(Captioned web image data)
--
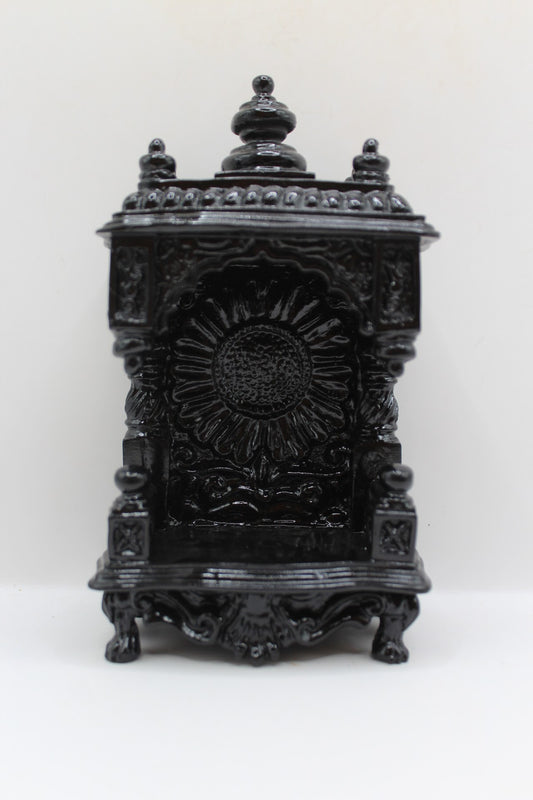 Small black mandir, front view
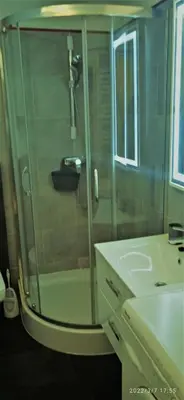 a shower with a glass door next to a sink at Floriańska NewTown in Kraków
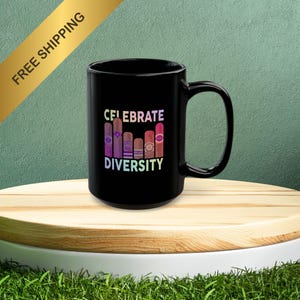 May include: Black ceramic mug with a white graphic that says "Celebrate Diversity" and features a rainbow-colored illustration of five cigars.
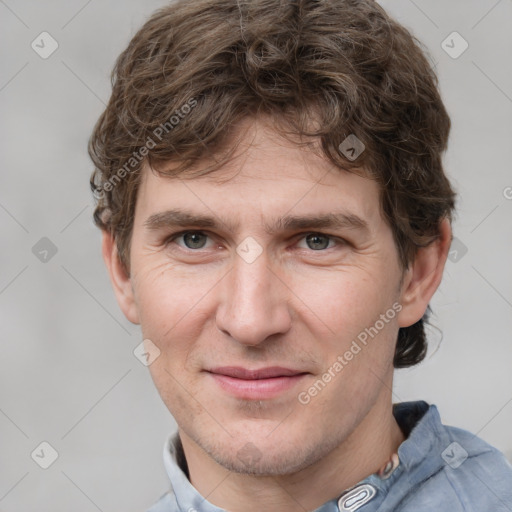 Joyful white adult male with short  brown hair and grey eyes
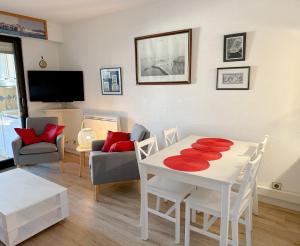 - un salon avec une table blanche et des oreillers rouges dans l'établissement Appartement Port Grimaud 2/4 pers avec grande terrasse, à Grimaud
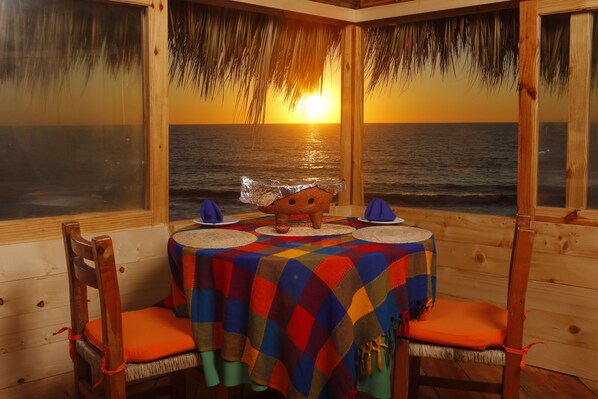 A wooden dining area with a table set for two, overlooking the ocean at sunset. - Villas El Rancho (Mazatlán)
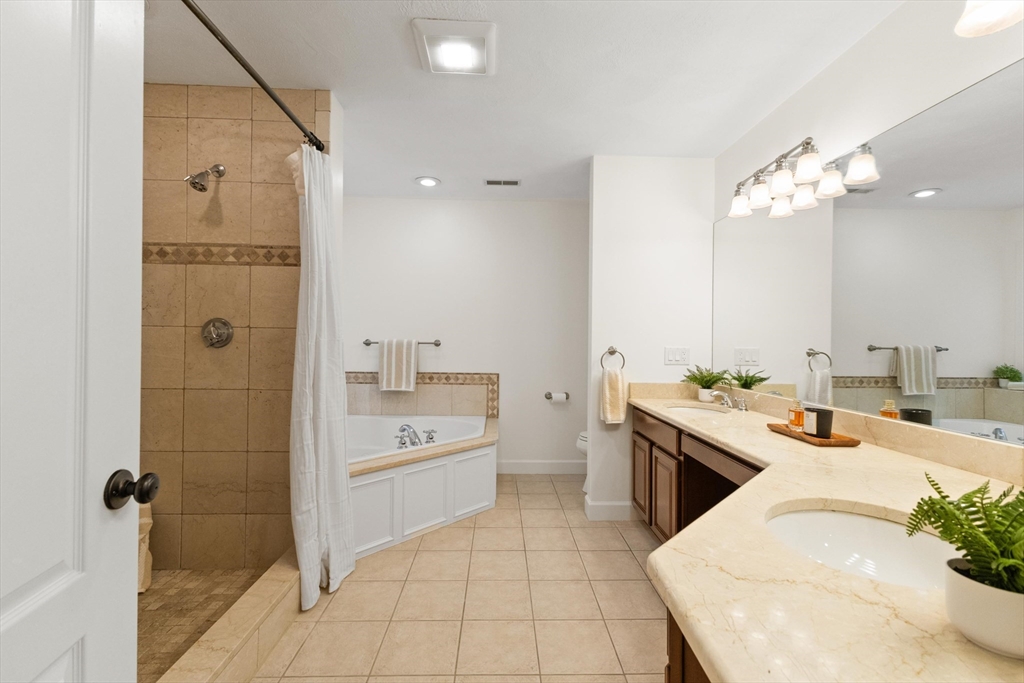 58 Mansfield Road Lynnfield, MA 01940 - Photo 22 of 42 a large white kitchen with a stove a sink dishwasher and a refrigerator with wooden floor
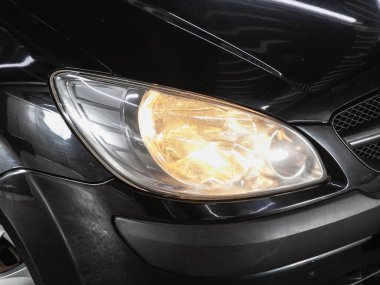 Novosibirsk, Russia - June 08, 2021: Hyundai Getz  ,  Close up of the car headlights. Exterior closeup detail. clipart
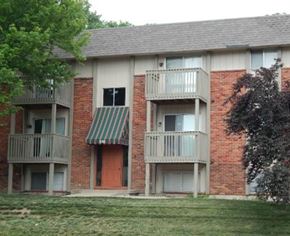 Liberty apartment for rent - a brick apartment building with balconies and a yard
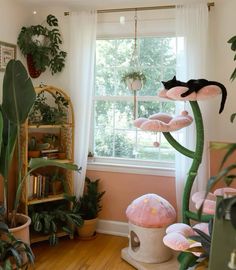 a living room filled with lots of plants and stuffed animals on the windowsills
--
> [WHAT NEEDS TO BE DONE]
All records must be output exactly as they are, except for the pictures, which are left out.

> [RESULT FOR THIS TASK]
 Small black mandir, front view
 a shower with a glass door next to a sink at Floriańska NewTown in Kraków
 May include: Black ceramic mug with a white graphic that says "Celebrate Diversity" and features a rainbow-colored illustration of five cigars.
 Joyful white adult male with short  brown hair and grey eyes
 - un salon avec une table blanche et des oreillers rouges dans l'établissement Appartement Port Grimaud 2/4 pers avec grande terrasse, à Grimaud
 A wooden dining area with a table set for two, overlooking the ocean at sunset. - Villas El Rancho (Mazatlán)
 58 Mansfield Road Lynnfield, MA 01940 - Photo 22 of 42 a large white kitchen with a stove a sink dishwasher and a refrigerator with wooden floor
 Novosibirsk, Russia - June 08, 2021: Hyundai Getz  ,  Close up of the car headlights. Exterior closeup detail. clipart
 Liberty apartment for rent - a brick apartment building with balconies and a yard
 a living room filled with lots of plants and stuffed animals on the windowsills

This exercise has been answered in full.